One of main problems with crossover events is that a lot of the time, they forget to deliver an actual story. Sure, there’s a plot, and on a good day it’s even one that makes sense – but many of them lack a heart or moral centre. You can’t say that they’re actually about anything. This year’s Fear Itself is a prime example: allegedly about fear, but actually about magic hammers.
Spider-Island was one of the rare ones. Not only did it have an entertaining, coherent plot, it actually felt like it had a story to tell: about Peter Parker, and how it’s not his powers and costume that make him Spider-Man, but how he chooses to use them – a concept explored by putting him in a situation where everyone has powers just like him.

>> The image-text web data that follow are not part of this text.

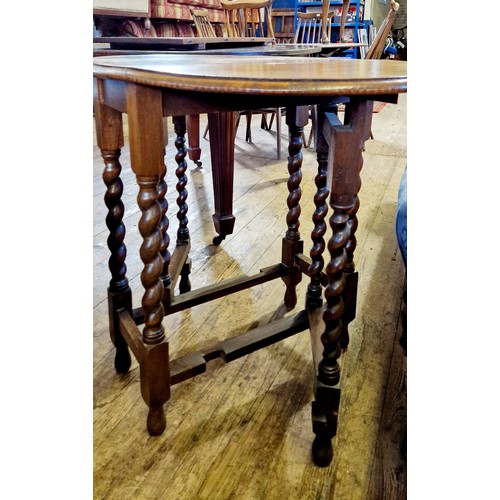 304 - A mid-century oak oval drop leaf table on barley twist legs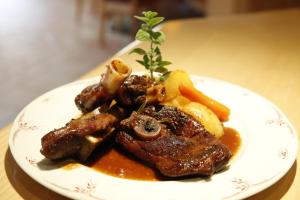 a plate of food with meat and vegetables on a table at Bankwirt in Schladming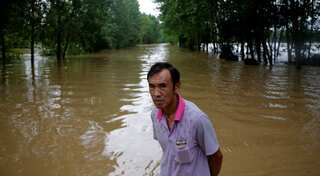 Heavy rains in China leave 128 dead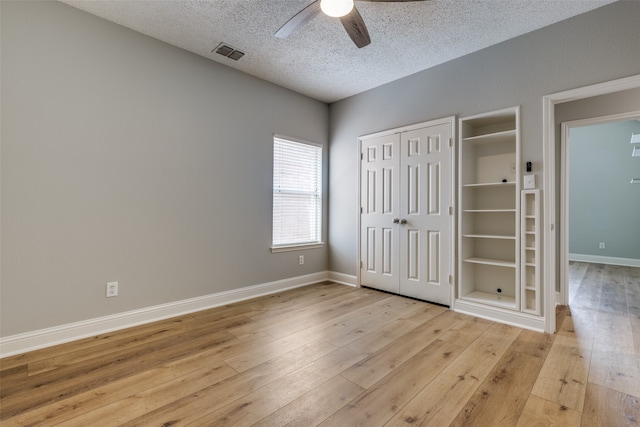 unfurnished bedroom with ceiling fan, light wood-type flooring, and a textured ceiling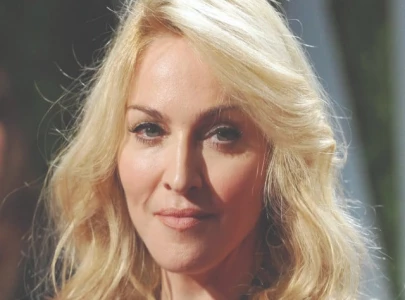 madonna springs a surprise at dolce gabbana show in milan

Of course, Spider-Island also crossed over into other books and span out several miniseries, and there’s a reason this entry isn’t for Amazing Spider-Man, but for Spider-Island: because those crossovers were almost universally fantastic. The Cloak and Dagger mini by Spencer and Rios was utterly sublime, while Avengers one-shot by Christos Gage was hilarious. Rick Remender’s Venom issues were a virtual masterclass in hooking readers. It wasn’t all gold (Heroes for Hire, in particular, felt rather tacked-on) but as far as crossovers go, almost every book had a place and purpose.

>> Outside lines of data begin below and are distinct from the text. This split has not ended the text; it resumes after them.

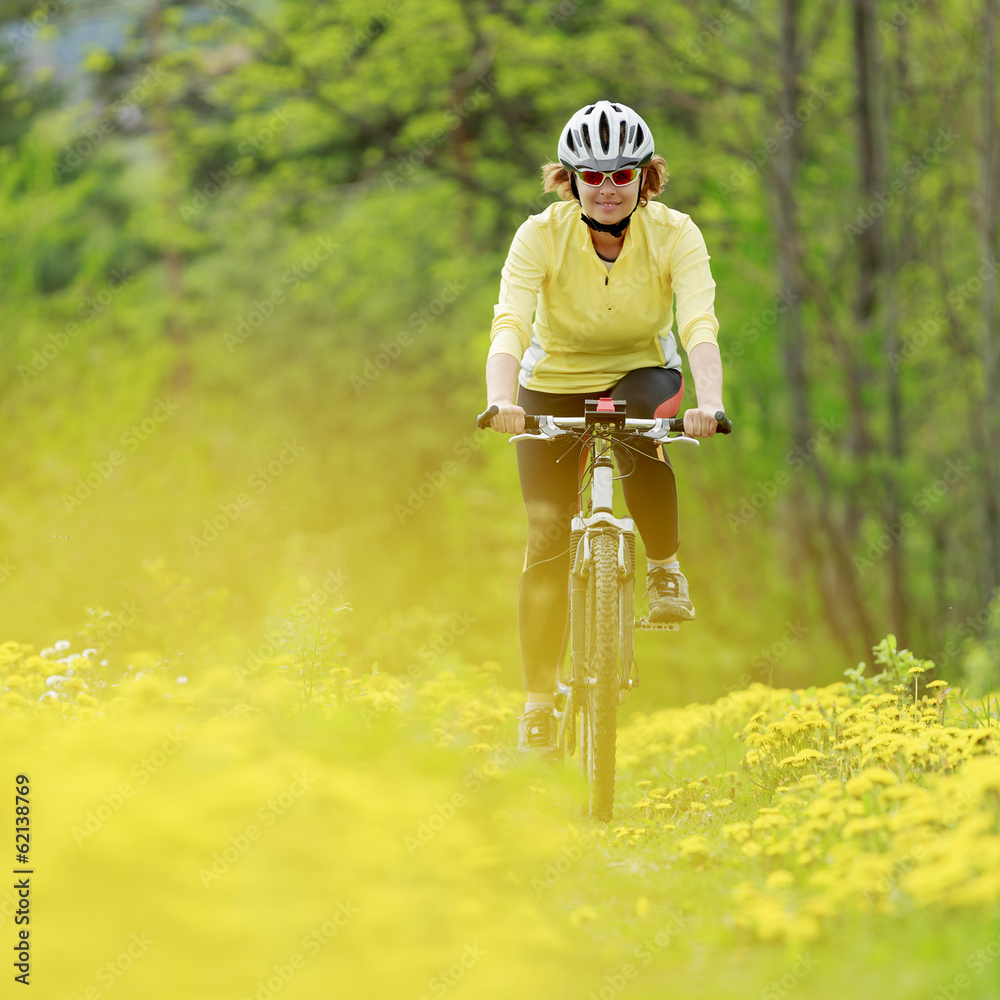 Obraz premium Bike riding - woman on bike, active adult concept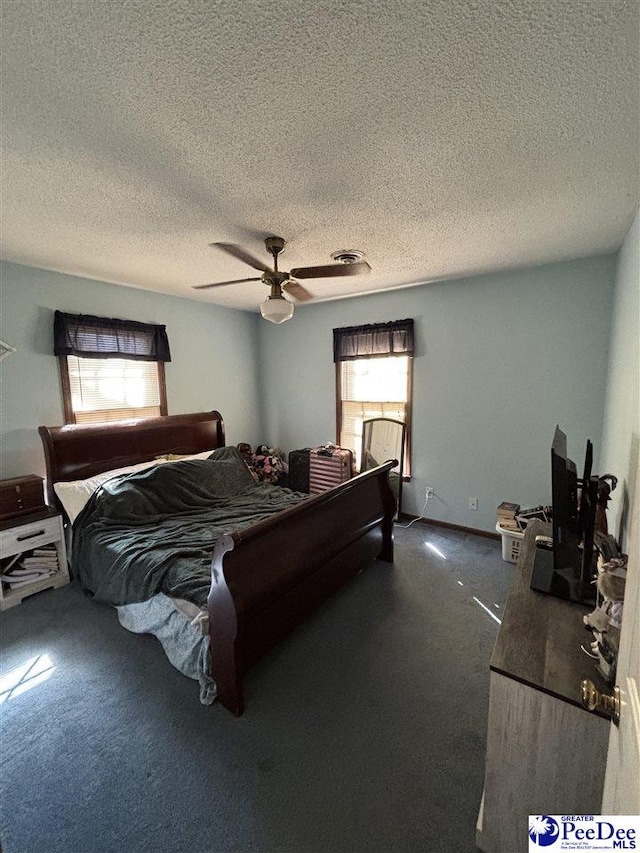 bedroom with visible vents, baseboards, a textured ceiling, and a ceiling fan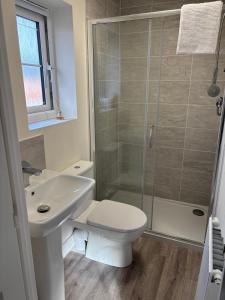 a bathroom with a sink and a toilet and a shower at Lion Gardens- The Space in Leyland +6 photos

It probably helps that two of the main villains of Spider-Island were Kaine and the Jackal, and as a 90s Spider-Man reader I’m predisposed to loving anything that builds on the clone saga (even though it’s clear Ben Reilly’s never going to return when there’s so much mileage in Marvel merely teasing his return) but there was so much going on to enjoy. The identity mysteries behind the Spider-King and the Jackal’s master. The romantic interplay between Peter, Carlie and MJ. And, of course, the iconic final image of the Empire State Building. This was a classic story, crossover or not.

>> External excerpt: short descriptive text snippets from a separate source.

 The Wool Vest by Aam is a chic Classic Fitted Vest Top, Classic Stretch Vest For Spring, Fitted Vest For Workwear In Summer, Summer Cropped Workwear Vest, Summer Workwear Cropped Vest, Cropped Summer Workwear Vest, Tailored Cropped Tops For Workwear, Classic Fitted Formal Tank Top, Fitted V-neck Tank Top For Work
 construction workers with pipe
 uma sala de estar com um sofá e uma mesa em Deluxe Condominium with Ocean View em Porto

Even the fact that it brushed aside the weird identity-protecting spell that only complicated Spidey’s status quo can be praised. Technically, philosophically, artistically, there wasn’t a weak point anywhere. It not only sustained itself as an event, but as a Spider-Man story too. The story beats were character-centric, not plot driven, grounding the story around Peter Parker in ways that the recent Daredevil crossover, “Shadowland”, failed to do with Matt Murdock.
Ultimately, what we witnessed in Spider-Island was a story that’s going to set the agenda for the next year of stories and provide the benchmark for any future Spider-Man crossovers. For a story born from the ashes of the clone saga, that’s not just remarkable: it’s actively impressive.